Companies split their shares to make their stock prices appear less expensive and appeal to more investors. However, splitting a stock does not affect its underlying fundamentals.
Still, BofA Global Research said in recent research note that stock splits "historically are bullish" for companies that enact them, with their shares marking an average returns of 25% one year later versus 9% for the market overall.
Tesla's stock surged 8% on Monday, adding over $100 billion to its stock market value.
Amazon has gained about 20% since March 9, when the ecommerce heavyweight announced a stock split that will take effect on June 6. That compares to a 7% gain in the Nasdaq (.IXIC) during the same period. During that time, Wall Street has also seen a broad rebound in megacap growth stocks following losses earlier this year, as well as volatility related to rising interest rates and Russia's invasion of Ukraine.
Tesla was the most traded stock among Fidelity's online brokerage customers on Monday, with buy and sell orders almost evenly split, suggesting retail investors are cautious about the company.
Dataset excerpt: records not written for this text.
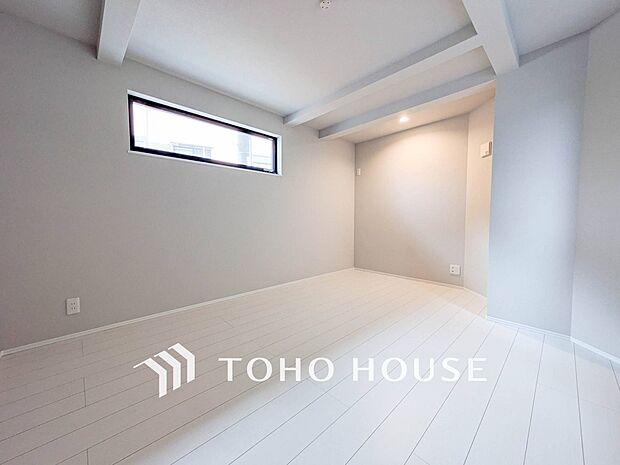 環境の良い場所にセンス良く暮らしたい、こだわりの室内には至福のシーンが繰り広げられます。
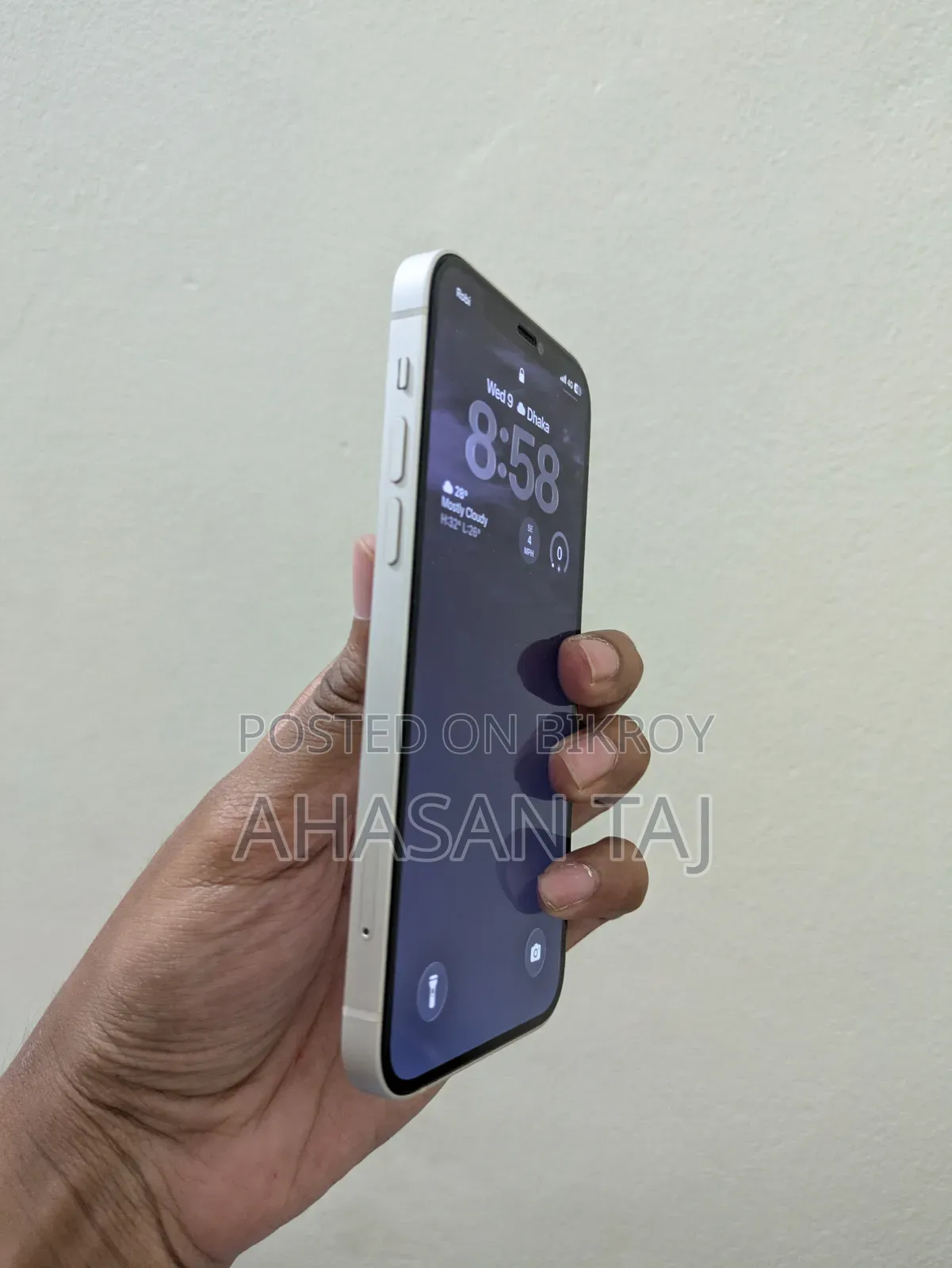 অ্যাপল আইফোন ১২ ৬৪ জিবি সাদা
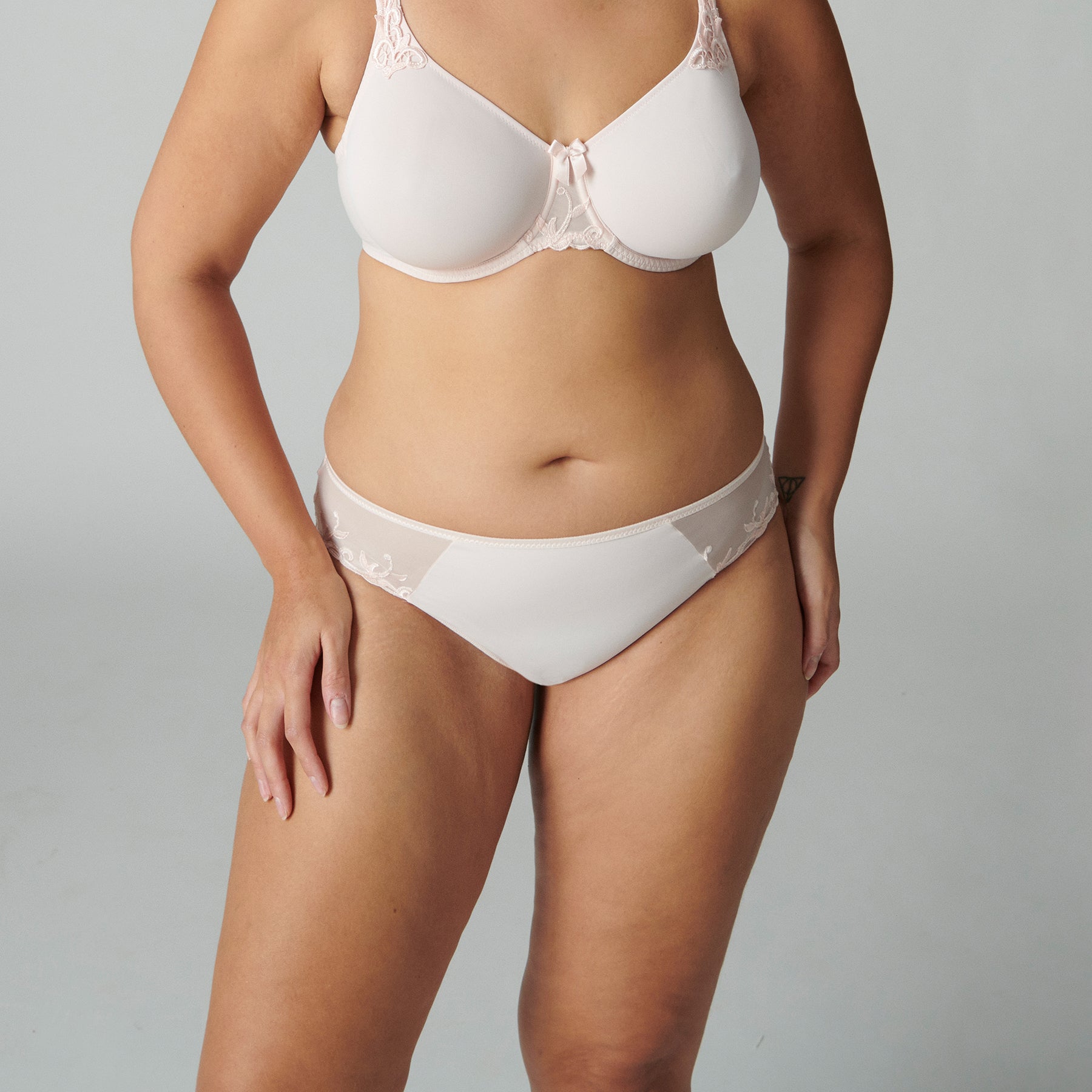 Simone Perele canada Andora bikini panty in pink blush 383. Front view close up on model.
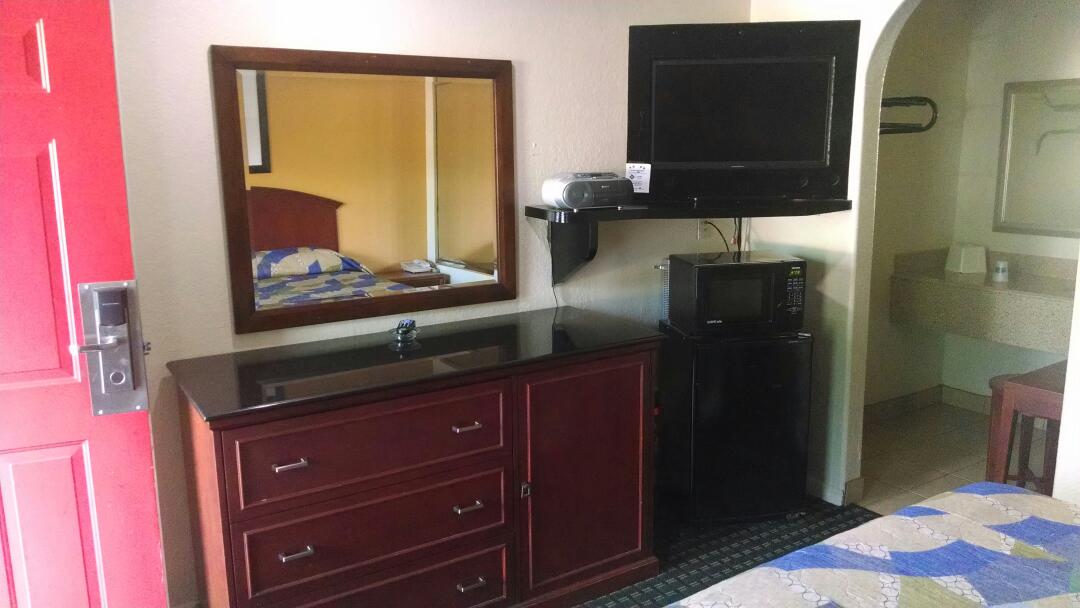 Regency Inn & Suites photo 3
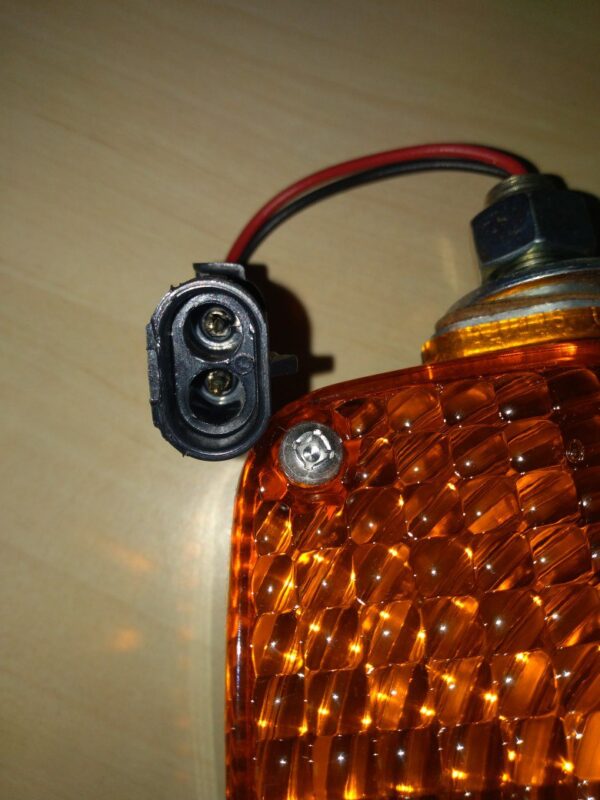 192052A1 Lampa obrysowa CNH - obrazek 3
Since joining the S&P 500 in December 2020, Tesla has been one of its most heavily weighted stocks, currently accounting for over 2% of the index. It has gained about 300% since announcing its first stock split in August 2020.
Other S&P 500 companies with nominally high share prices, which analysts say could hint at a future stock split announcement, include Chipotle Mexican Grill (CMG.N), up 0.1% on Monday at $1,558, as well as Booking Holdings (BKNG.O), trading near flat at about $2,247.